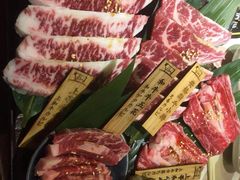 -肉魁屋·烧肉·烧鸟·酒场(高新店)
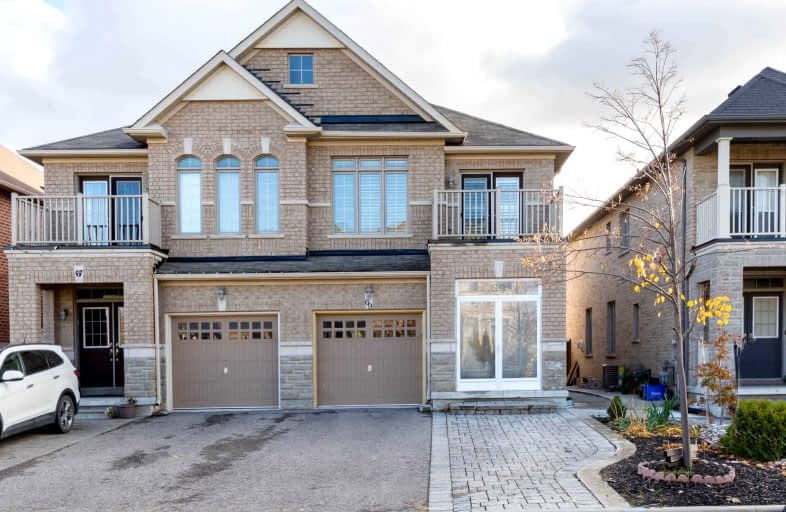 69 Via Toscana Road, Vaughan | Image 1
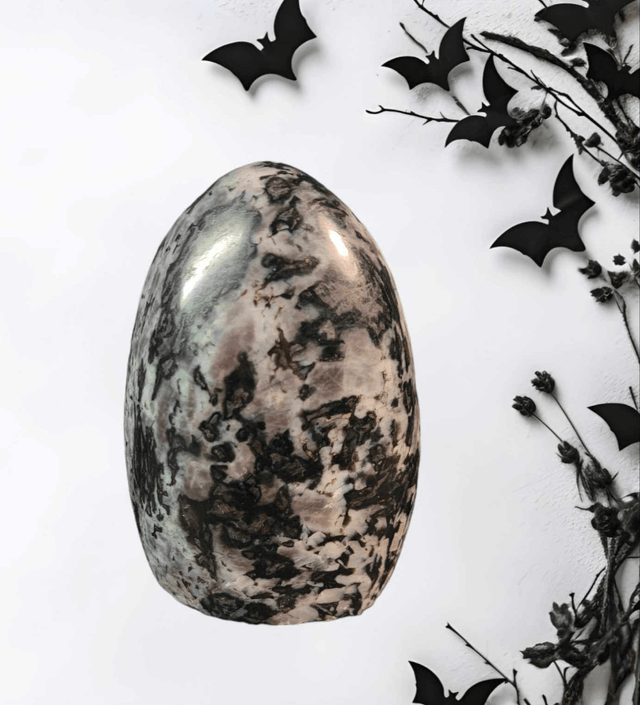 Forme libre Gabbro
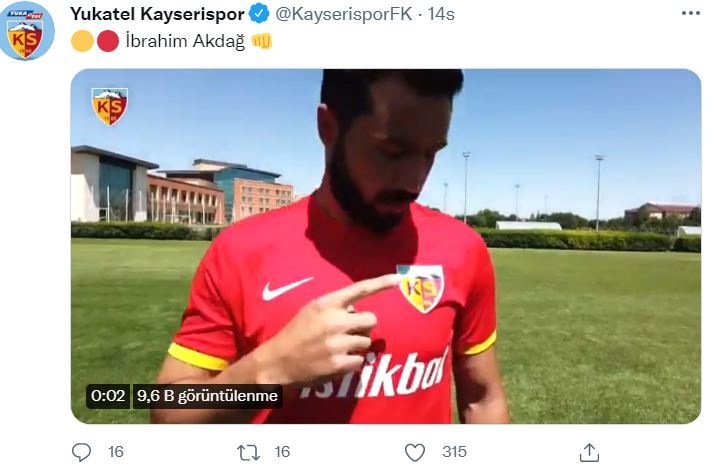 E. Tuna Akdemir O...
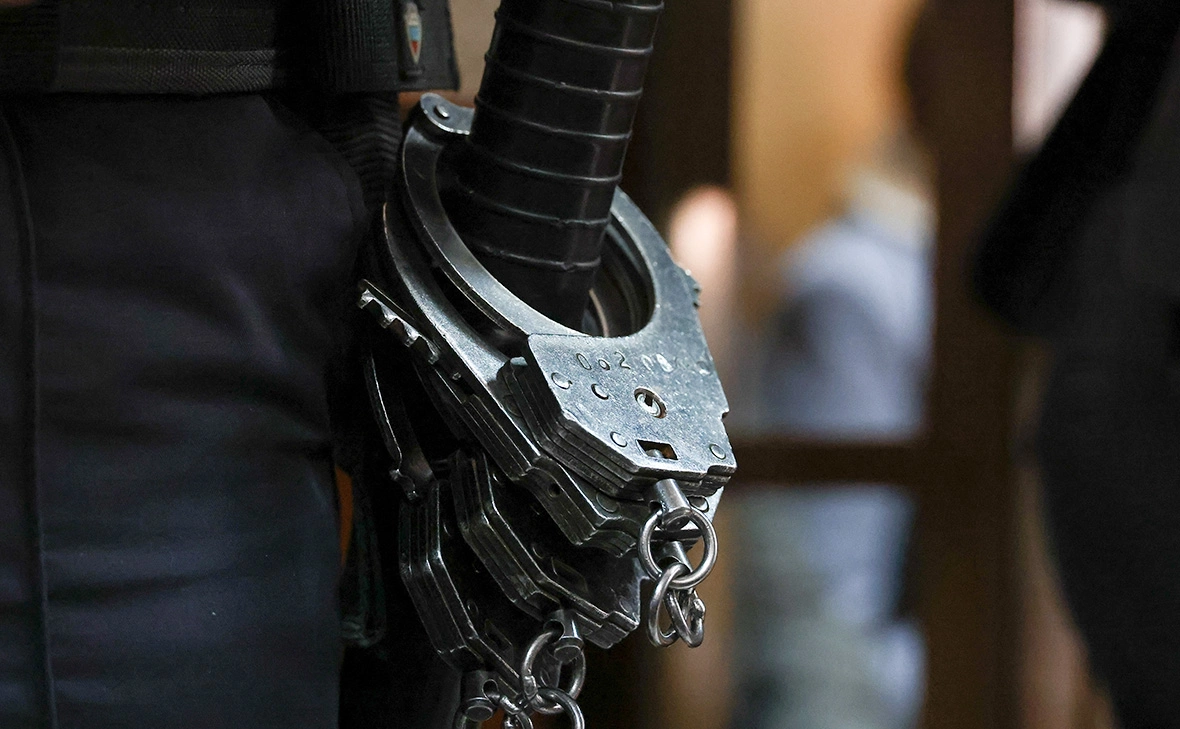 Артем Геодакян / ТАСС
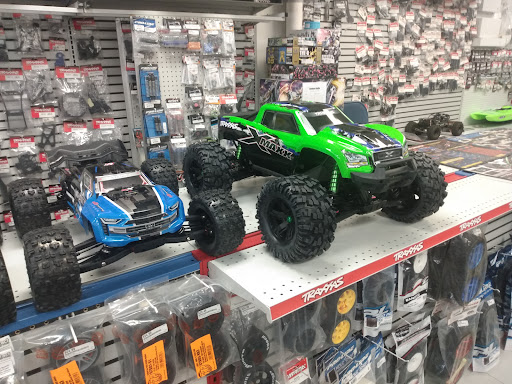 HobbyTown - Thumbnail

* * *

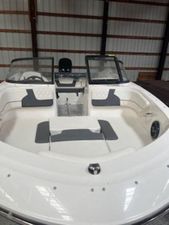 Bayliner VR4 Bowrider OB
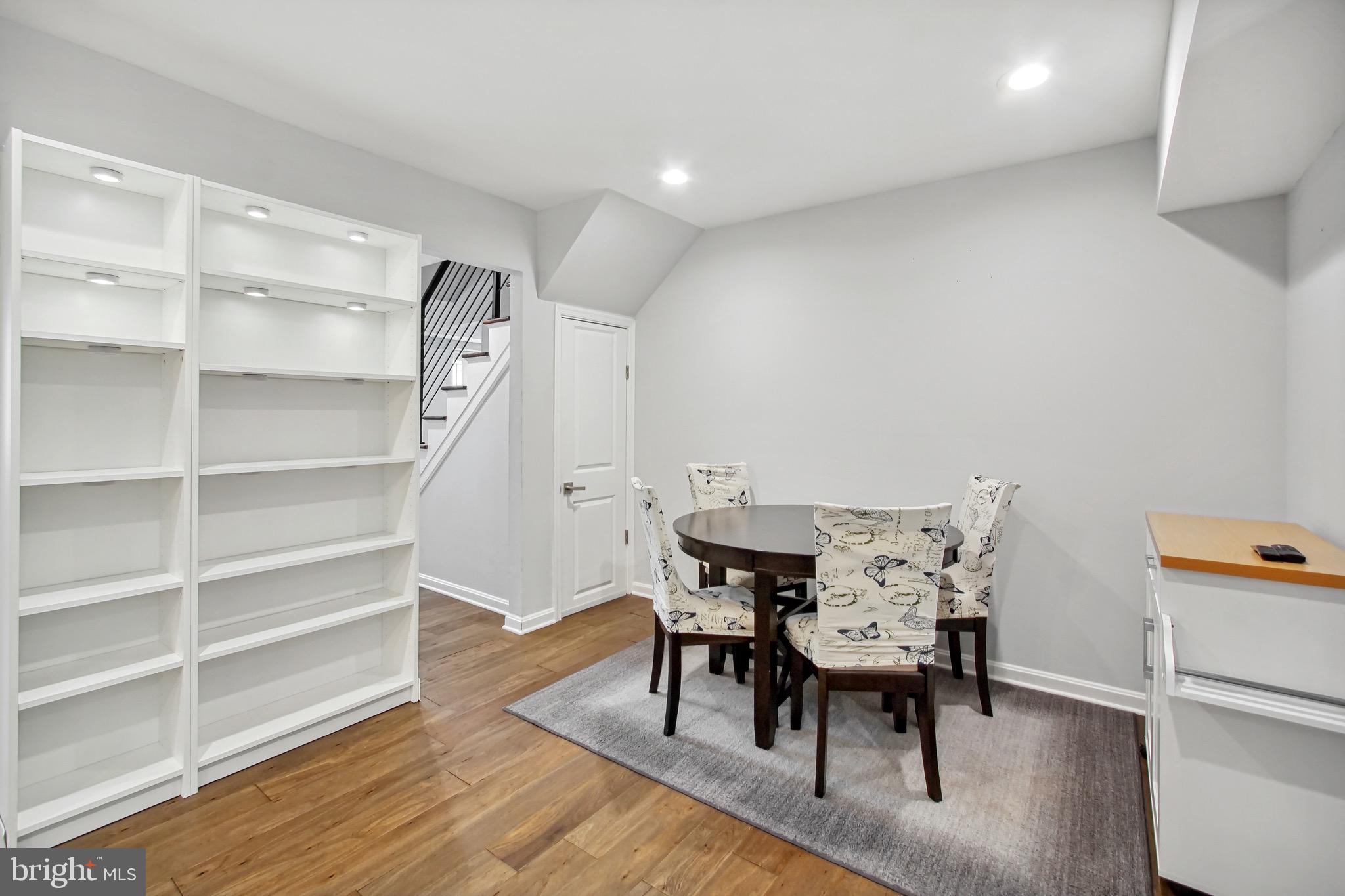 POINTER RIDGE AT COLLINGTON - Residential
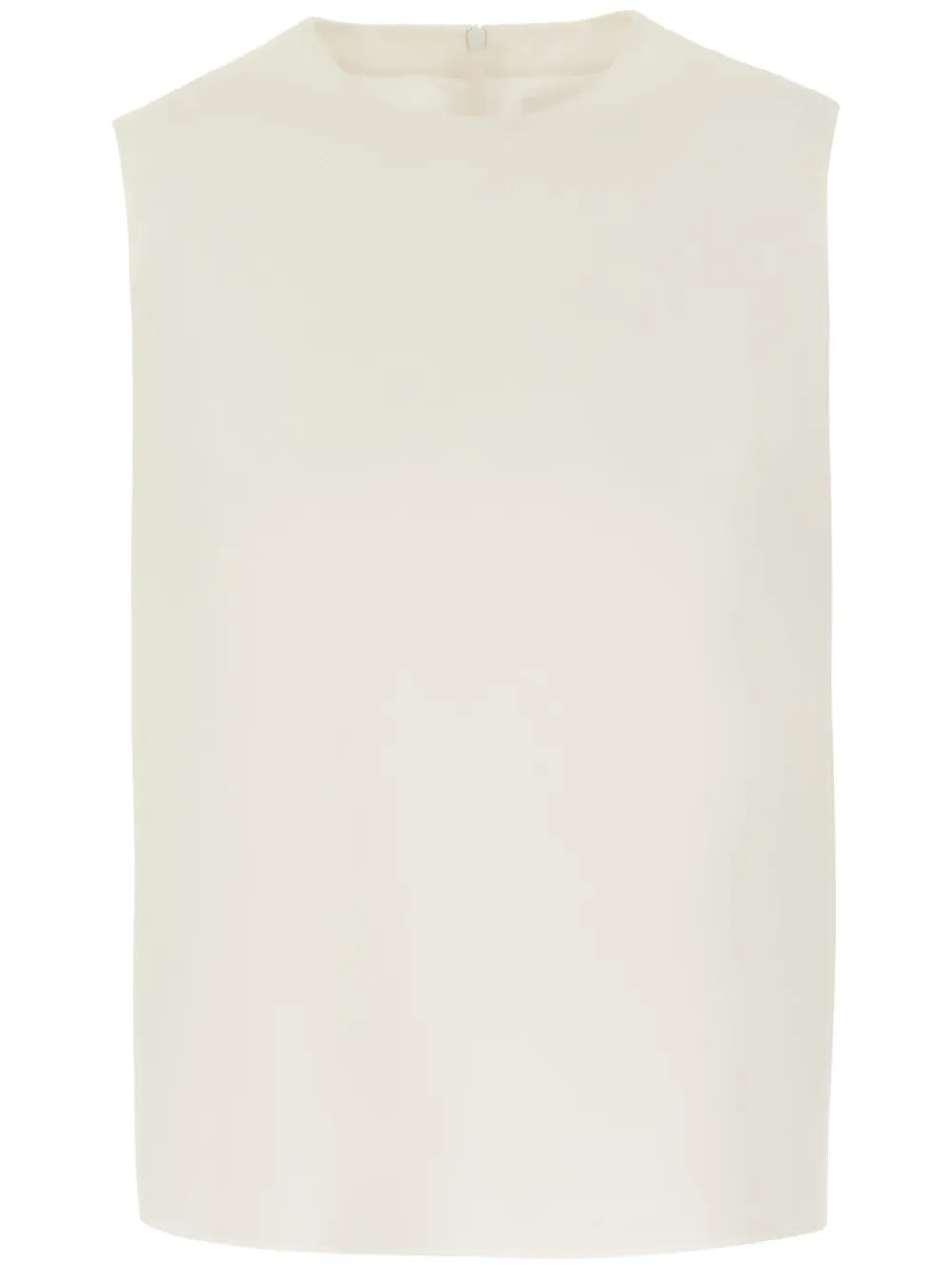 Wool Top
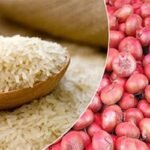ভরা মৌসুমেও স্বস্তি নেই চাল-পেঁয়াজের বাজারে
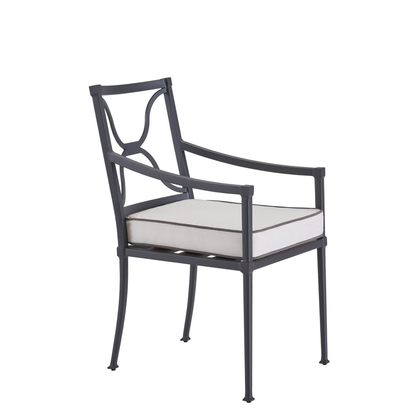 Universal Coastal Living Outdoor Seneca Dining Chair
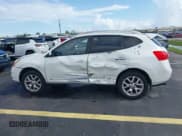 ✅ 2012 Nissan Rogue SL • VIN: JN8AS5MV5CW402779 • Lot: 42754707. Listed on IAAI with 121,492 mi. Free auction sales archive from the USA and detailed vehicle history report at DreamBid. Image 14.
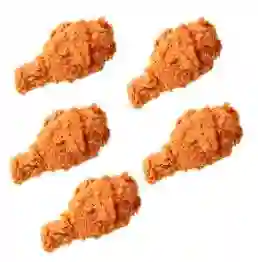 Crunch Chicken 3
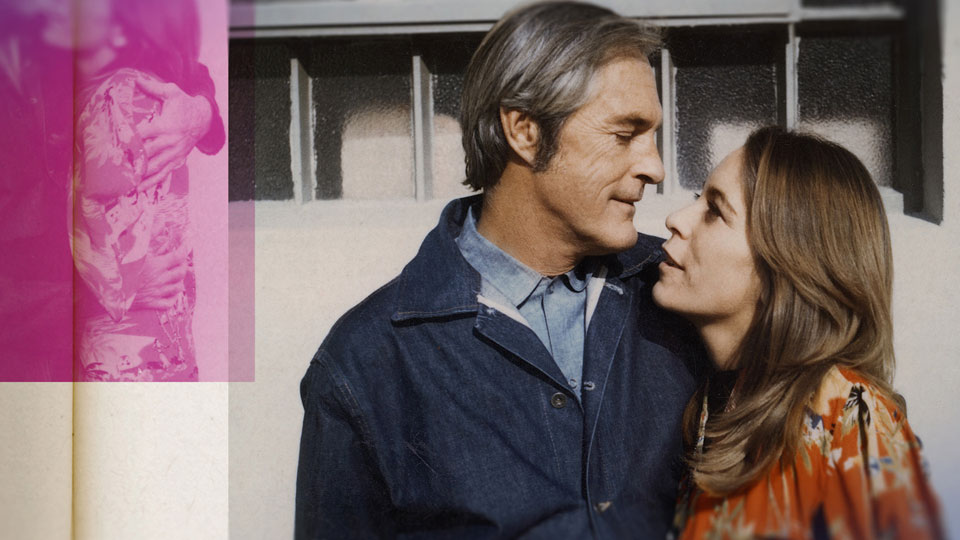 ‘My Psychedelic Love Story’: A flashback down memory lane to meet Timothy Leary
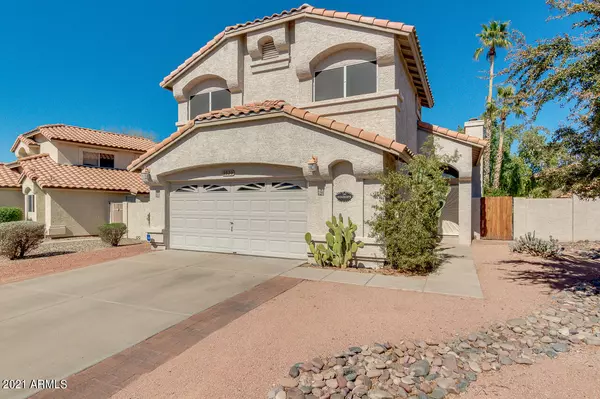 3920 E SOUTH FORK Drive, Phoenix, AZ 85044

==

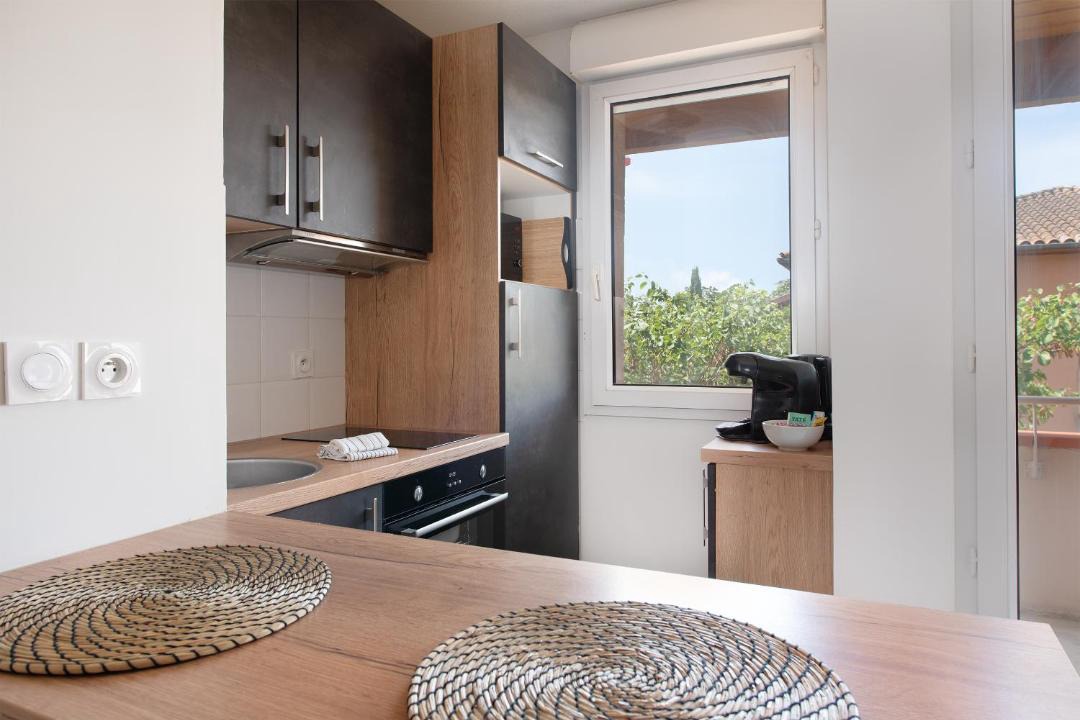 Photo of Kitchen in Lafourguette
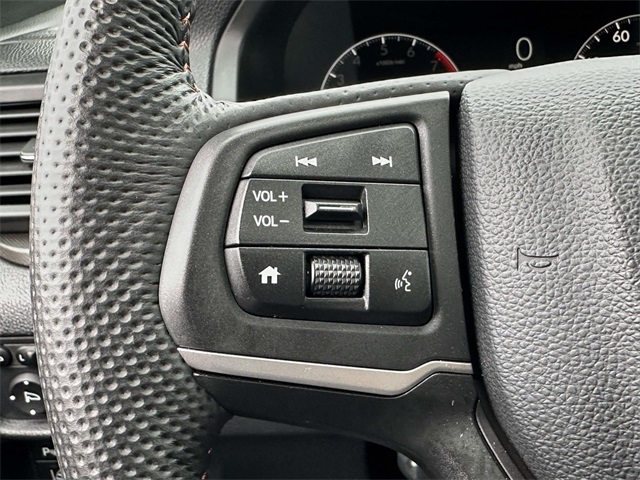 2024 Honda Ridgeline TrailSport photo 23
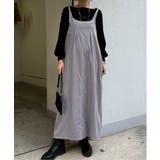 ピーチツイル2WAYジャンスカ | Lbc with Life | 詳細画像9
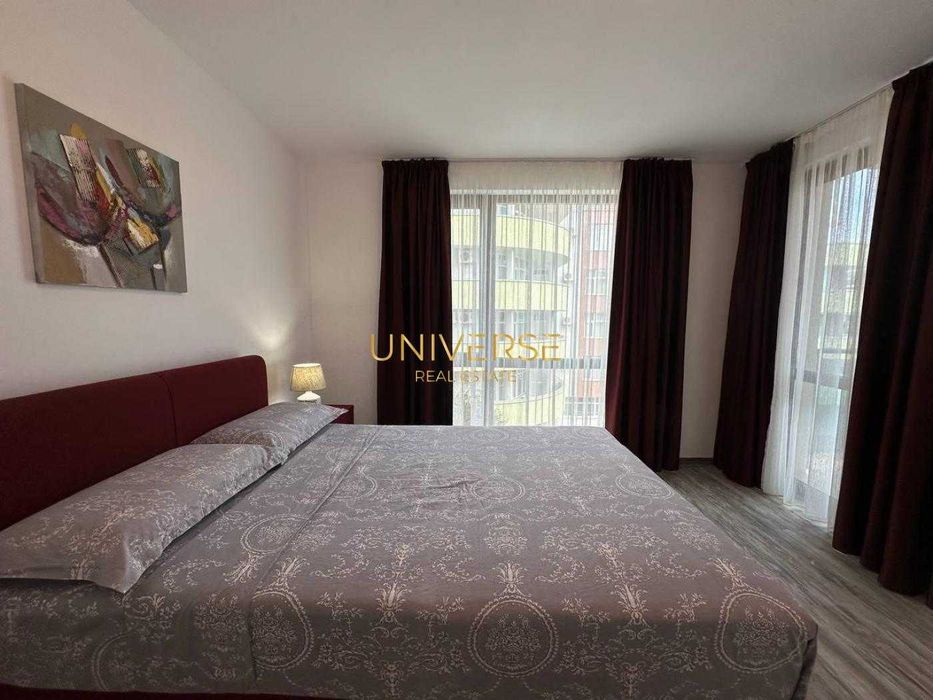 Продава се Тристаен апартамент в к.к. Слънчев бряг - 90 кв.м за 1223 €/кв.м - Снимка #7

**To do**.
Only the lines above starting with the line with "-肉魁屋·烧肉·烧鸟·酒场(高新店)" and going on through the line with "HobbyTown - Thumbnail" belong in the answer; repeat them exactly, minus any picture.

**Task answer**.
 -肉魁屋·烧肉·烧鸟·酒场(高新店)
 69 Via Toscana Road, Vaughan | Image 1
 Forme libre Gabbro
 E. Tuna Akdemir O...
 Артем Геодакян / ТАСС
 HobbyTown - Thumbnail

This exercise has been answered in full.